To repeat, pipeline projects would simply be impossible without eminent domain. Keystone, DAPL and every other pipeline project in the country has relied on seizing people’s homes and farms against their will, through the government’s power to condemn, or outright take, land. And Keystone and DAPL have both violated sacred Native American land in violation of previously guaranteed treaty rights.

So to sum up, fracking and pipelines are both, for all intents and purposes, creatures of the state. The fossil fuel industries operate on “public” lands which the state first engrossed (the U.S. government, under the terms of the Louisiana Purchase and Treaty of Guadalupe-Hidalgo, inherited the land titles of the Spanish, French and Mexican governments), and then preferentially opened to extractive corporations. Their fuels are transported on pipelines built on stolen land, legally protected from most liability for spills, and protected by regulatory preemption from all the other forms of harm they’re responsible for.

If you call yourself a libertarian and claim to support any pipeline project, you are a liar and an enemy of human freedom. Whether you address the issues of eminent domain and liability caps or not, there is no escaping the fact that you can’t support the one without the other. If you buy pipelines, you also own the eminent domain and liability caps, whether you’re honest enough to admit it or not. And you are no libertarian.

So, what do we see at Reason magazine? Ron Bailey (“Guess Who Just Approved a Pipeline to Transport Canadian Oilsands Crude?” Nov. 30), happy as a pig in shit that Justin Trudeau has approved two Canadian pipeline projects, including the Kinder Morgan (which will transport Albertan crude to port in British Columbia). So Canada, he gloats, will receive the benefits that — had Obama not been such a “chump” as to halt Keystone — would have gone to “American workers, American families, and the American economy.”

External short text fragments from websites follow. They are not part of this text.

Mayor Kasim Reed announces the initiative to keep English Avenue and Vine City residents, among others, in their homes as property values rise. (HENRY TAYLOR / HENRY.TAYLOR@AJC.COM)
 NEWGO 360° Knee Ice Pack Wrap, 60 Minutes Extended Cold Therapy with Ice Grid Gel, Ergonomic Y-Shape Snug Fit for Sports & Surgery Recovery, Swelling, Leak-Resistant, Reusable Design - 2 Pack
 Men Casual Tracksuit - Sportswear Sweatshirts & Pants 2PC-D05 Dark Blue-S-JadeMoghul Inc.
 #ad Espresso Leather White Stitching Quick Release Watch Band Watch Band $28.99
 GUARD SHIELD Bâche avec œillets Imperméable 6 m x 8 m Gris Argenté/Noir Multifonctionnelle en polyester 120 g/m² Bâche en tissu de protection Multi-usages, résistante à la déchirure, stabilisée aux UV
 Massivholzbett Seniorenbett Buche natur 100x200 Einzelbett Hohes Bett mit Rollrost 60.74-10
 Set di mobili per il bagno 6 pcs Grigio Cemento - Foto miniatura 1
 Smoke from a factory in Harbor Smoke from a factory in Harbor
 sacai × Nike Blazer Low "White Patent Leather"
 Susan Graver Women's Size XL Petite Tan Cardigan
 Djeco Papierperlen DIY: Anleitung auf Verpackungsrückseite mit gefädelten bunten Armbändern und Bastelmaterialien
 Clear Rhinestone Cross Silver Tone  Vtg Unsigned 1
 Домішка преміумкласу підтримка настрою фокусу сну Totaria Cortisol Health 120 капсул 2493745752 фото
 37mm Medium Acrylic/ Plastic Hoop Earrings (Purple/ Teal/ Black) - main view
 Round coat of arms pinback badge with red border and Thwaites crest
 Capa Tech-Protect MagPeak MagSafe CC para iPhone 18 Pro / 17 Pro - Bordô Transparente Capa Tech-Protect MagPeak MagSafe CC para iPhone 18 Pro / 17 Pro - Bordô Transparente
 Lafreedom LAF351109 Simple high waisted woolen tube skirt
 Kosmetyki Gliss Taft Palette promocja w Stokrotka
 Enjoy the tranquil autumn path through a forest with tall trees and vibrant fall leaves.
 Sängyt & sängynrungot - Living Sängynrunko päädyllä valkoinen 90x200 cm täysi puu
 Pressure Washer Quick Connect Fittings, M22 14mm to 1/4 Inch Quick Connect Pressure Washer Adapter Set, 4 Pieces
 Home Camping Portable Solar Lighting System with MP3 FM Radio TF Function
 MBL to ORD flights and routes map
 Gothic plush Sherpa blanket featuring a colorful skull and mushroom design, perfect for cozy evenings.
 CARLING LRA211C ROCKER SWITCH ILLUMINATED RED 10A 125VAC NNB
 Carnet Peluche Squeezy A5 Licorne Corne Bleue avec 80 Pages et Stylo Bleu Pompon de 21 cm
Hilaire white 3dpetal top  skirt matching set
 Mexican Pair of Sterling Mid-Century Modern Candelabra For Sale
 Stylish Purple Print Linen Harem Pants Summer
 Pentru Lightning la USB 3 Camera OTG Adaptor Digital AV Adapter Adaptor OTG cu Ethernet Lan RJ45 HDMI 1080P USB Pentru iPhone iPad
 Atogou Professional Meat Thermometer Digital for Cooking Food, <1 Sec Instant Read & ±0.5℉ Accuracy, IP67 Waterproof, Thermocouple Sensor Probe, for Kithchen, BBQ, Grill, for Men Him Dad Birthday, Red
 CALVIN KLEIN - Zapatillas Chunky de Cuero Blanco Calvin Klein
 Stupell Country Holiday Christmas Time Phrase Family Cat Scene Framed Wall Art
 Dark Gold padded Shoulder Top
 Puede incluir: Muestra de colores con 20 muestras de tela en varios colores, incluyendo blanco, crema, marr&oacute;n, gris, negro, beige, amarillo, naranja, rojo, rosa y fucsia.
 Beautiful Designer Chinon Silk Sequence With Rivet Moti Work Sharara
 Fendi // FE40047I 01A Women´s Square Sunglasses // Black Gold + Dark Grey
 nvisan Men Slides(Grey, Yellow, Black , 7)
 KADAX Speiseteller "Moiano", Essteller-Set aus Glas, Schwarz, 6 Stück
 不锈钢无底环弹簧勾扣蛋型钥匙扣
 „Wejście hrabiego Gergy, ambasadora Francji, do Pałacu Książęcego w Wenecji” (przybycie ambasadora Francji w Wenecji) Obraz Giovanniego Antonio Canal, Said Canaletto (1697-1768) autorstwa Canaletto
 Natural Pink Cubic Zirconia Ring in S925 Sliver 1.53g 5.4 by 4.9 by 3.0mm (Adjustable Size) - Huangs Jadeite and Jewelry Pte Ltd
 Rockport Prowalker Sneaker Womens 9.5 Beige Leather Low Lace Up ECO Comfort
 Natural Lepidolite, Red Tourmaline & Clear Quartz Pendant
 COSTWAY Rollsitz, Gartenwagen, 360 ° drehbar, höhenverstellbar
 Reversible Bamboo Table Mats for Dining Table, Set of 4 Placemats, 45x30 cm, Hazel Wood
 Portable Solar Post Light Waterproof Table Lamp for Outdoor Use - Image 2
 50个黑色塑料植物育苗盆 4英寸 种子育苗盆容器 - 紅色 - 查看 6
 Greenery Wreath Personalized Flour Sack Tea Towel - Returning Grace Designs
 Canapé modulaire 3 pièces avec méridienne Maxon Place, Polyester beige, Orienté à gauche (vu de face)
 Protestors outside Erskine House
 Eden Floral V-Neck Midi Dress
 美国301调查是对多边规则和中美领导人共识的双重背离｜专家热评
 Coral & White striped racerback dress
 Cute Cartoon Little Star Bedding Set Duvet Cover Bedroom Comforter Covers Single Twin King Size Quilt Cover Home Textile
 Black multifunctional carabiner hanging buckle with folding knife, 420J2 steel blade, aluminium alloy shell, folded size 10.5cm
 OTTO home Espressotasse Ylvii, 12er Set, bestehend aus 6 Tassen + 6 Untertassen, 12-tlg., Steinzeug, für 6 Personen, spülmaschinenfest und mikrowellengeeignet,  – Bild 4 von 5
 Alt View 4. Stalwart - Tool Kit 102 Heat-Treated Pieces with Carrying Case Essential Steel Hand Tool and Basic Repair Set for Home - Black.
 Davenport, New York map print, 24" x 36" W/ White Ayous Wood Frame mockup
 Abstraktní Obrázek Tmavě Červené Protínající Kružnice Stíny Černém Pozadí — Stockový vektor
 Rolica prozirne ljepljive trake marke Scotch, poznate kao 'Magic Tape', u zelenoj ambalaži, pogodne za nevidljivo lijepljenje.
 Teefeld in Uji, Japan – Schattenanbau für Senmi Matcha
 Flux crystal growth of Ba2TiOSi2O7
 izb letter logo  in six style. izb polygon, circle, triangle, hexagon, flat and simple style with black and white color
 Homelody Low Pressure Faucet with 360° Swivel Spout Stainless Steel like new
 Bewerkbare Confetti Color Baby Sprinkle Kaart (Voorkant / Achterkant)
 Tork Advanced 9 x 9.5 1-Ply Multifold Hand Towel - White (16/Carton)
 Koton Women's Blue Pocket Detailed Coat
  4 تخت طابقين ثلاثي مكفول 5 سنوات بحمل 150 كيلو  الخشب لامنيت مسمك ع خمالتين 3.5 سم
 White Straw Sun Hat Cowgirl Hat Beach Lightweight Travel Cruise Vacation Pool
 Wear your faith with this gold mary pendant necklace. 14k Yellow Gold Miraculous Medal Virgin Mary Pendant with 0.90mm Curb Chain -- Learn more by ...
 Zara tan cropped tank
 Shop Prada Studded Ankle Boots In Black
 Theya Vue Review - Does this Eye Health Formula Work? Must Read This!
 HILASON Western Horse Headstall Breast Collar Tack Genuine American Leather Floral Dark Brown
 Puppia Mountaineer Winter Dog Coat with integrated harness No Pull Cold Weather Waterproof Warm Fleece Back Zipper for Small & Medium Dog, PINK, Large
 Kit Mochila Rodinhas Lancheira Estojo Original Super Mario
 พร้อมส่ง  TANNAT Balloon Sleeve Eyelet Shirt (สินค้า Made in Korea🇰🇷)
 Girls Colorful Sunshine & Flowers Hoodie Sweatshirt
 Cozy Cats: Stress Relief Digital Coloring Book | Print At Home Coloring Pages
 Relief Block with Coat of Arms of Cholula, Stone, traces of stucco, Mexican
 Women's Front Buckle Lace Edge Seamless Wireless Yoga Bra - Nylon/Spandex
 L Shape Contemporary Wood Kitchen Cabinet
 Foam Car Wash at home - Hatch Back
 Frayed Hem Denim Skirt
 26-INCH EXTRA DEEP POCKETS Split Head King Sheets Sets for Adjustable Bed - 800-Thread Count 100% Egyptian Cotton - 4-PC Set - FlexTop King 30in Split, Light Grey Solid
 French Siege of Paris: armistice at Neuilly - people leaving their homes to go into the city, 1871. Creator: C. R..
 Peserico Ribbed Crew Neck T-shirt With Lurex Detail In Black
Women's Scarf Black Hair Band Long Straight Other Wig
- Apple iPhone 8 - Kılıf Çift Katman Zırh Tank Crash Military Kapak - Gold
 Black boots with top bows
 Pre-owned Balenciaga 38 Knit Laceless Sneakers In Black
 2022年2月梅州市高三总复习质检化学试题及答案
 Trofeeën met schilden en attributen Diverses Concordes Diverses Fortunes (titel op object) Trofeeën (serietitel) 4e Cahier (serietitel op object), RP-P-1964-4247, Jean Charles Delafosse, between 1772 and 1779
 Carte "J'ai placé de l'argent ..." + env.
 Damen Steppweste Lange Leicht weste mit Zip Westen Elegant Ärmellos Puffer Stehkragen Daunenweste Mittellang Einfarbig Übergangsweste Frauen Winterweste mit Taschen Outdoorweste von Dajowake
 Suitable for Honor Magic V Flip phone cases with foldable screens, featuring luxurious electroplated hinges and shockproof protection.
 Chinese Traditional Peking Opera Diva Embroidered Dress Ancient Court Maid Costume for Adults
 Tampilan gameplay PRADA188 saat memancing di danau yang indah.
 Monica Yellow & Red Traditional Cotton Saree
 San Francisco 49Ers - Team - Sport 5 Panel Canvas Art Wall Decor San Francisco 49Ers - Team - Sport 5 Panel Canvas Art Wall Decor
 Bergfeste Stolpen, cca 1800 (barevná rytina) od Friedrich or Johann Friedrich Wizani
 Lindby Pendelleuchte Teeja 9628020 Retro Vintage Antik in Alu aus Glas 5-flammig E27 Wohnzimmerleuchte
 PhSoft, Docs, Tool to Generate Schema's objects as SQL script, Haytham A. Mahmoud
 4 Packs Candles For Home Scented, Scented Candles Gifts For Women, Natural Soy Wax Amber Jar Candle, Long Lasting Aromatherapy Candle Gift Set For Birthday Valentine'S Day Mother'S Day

Par for the course, and quite typical of an American right-libertarian movement that pays lip-service to being “pro-market rather than pro-business,” and opposing “crony capitalism,” but reflexively jumps to the defense of big business against all attacks from the Left and defends almost any conceivable real-world case of crony capitalism.

As Jesus said of the Pharisees, the leadership of the legacy libertarian movement are whited sepulchres. If free market advocacy is to have any future at all, it lies in denouncing these generation of vipers and taking its message to those on the highways and byways, who have been ignored by the pot-smoking Republicans.